WHAT TO DO: Copy out exactly the line that contains "Scapeshop.com.au One Only" and all lines following it to the end of the data.

MATERIAL SHOWN:
*****
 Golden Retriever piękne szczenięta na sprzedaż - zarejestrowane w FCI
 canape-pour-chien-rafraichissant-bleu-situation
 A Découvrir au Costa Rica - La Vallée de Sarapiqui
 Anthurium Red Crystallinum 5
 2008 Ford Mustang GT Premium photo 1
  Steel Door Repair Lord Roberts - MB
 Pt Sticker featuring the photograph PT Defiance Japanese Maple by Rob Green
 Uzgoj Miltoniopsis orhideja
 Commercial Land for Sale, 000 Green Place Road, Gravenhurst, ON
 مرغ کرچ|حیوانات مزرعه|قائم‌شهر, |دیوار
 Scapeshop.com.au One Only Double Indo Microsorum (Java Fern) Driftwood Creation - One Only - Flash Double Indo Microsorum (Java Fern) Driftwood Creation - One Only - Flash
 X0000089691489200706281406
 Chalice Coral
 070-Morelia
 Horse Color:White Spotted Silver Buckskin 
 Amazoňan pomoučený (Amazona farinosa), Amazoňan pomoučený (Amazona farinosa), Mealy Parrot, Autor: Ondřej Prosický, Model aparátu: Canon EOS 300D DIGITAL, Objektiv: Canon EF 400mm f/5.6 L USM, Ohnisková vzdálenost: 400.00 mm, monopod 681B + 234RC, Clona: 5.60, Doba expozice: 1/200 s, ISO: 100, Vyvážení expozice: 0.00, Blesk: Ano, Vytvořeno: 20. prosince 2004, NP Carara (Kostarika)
*****
RESULT OF THIS TASK:
 Scapeshop.com.au One Only Double Indo Microsorum (Java Fern) Driftwood Creation - One Only - Flash Double Indo Microsorum (Java Fern) Driftwood Creation - One Only - Flash
 X0000089691489200706281406
 Chalice Coral
 070-Morelia
 Horse Color:White Spotted Silver Buckskin 
 Amazoňan pomoučený (Amazona farinosa), Amazoňan pomoučený (Amazona farinosa), Mealy Parrot, Autor: Ondřej Prosický, Model aparátu: Canon EOS 300D DIGITAL, Objektiv: Canon EF 400mm f/5.6 L USM, Ohnisková vzdálenost: 400.00 mm, monopod 681B + 234RC, Clona: 5.60, Doba expozice: 1/200 s, ISO: 100, Vyvážení expozice: 0.00, Blesk: Ano, Vytvořeno: 20. prosince 2004, NP Carara (Kostarika)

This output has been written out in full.